* [The task] With pictures removed, the data below should be returned exactly.

* [Given material]
-----

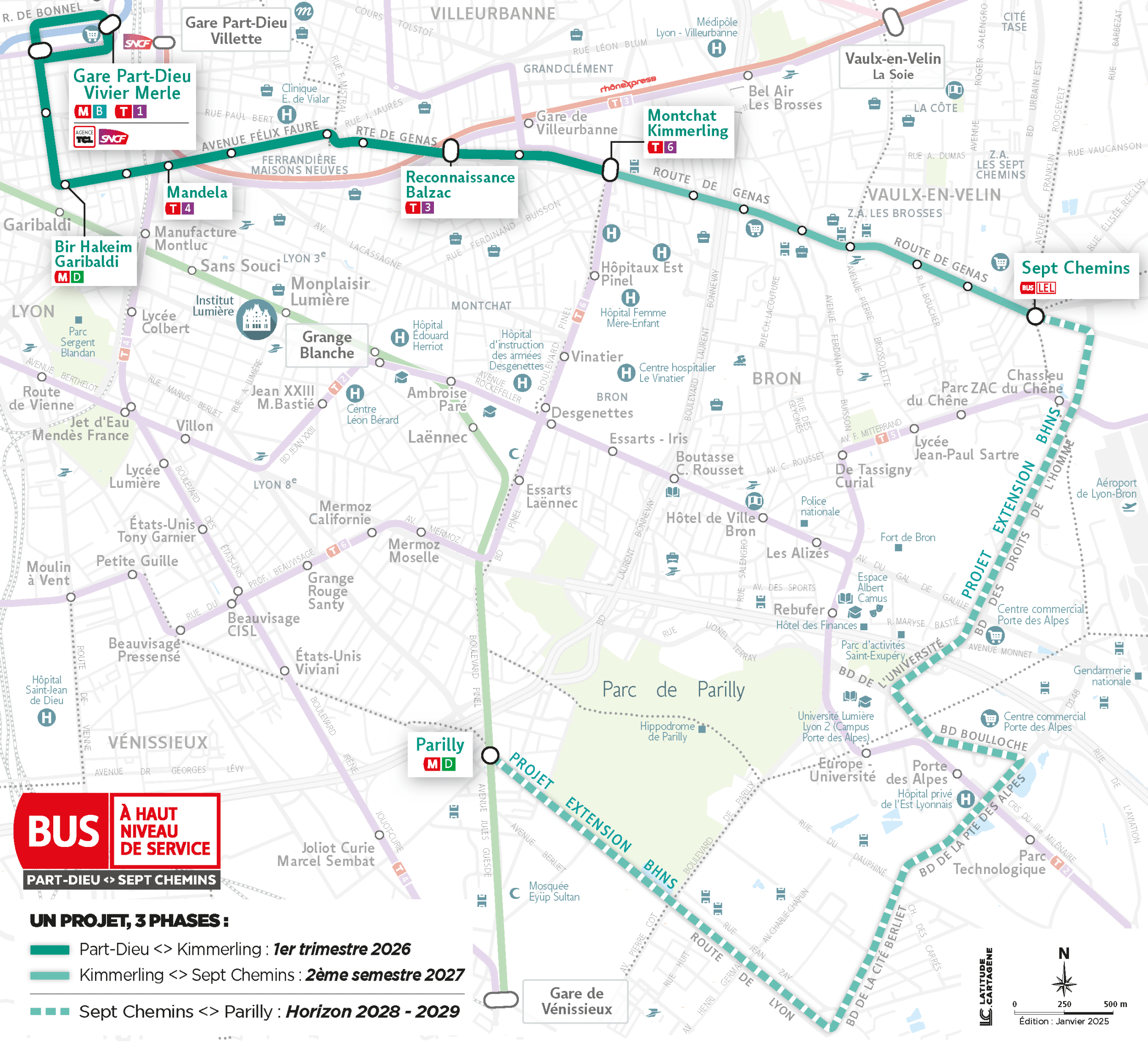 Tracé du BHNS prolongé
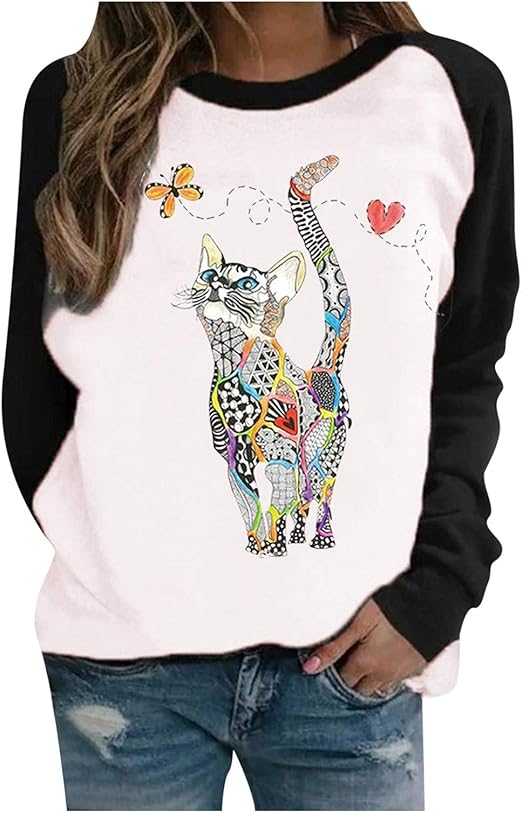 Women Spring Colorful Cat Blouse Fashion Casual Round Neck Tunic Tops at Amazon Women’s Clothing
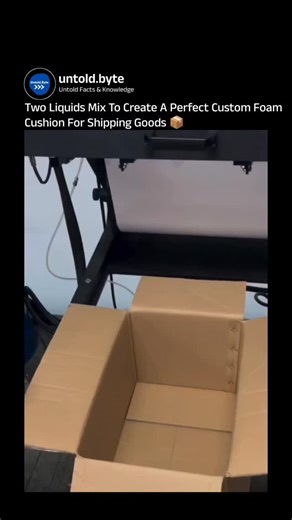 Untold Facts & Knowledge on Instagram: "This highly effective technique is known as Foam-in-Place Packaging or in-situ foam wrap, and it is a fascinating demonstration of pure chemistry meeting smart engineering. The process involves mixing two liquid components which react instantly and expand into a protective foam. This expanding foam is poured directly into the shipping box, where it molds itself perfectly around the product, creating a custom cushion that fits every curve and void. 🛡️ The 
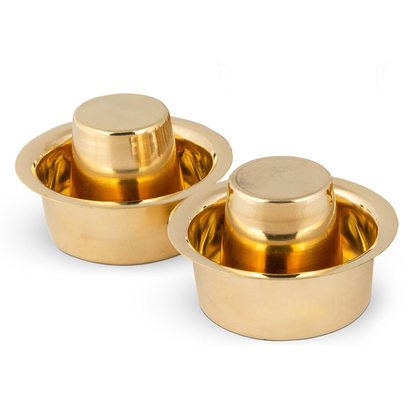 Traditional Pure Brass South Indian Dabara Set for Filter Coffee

-----

* [Exercise response]
 Tracé du BHNS prolongé
 Women Spring Colorful Cat Blouse Fashion Casual Round Neck Tunic Tops at Amazon Women’s Clothing
 Untold Facts & Knowledge on Instagram: "This highly effective technique is known as Foam-in-Place Packaging or in-situ foam wrap, and it is a fascinating demonstration of pure chemistry meeting smart engineering. The process involves mixing two liquid components which react instantly and expand into a protective foam. This expanding foam is poured directly into the shipping box, where it molds itself perfectly around the product, creating a custom cushion that fits every curve and void. 🛡️ The 
 Traditional Pure Brass South Indian Dabara Set for Filter Coffee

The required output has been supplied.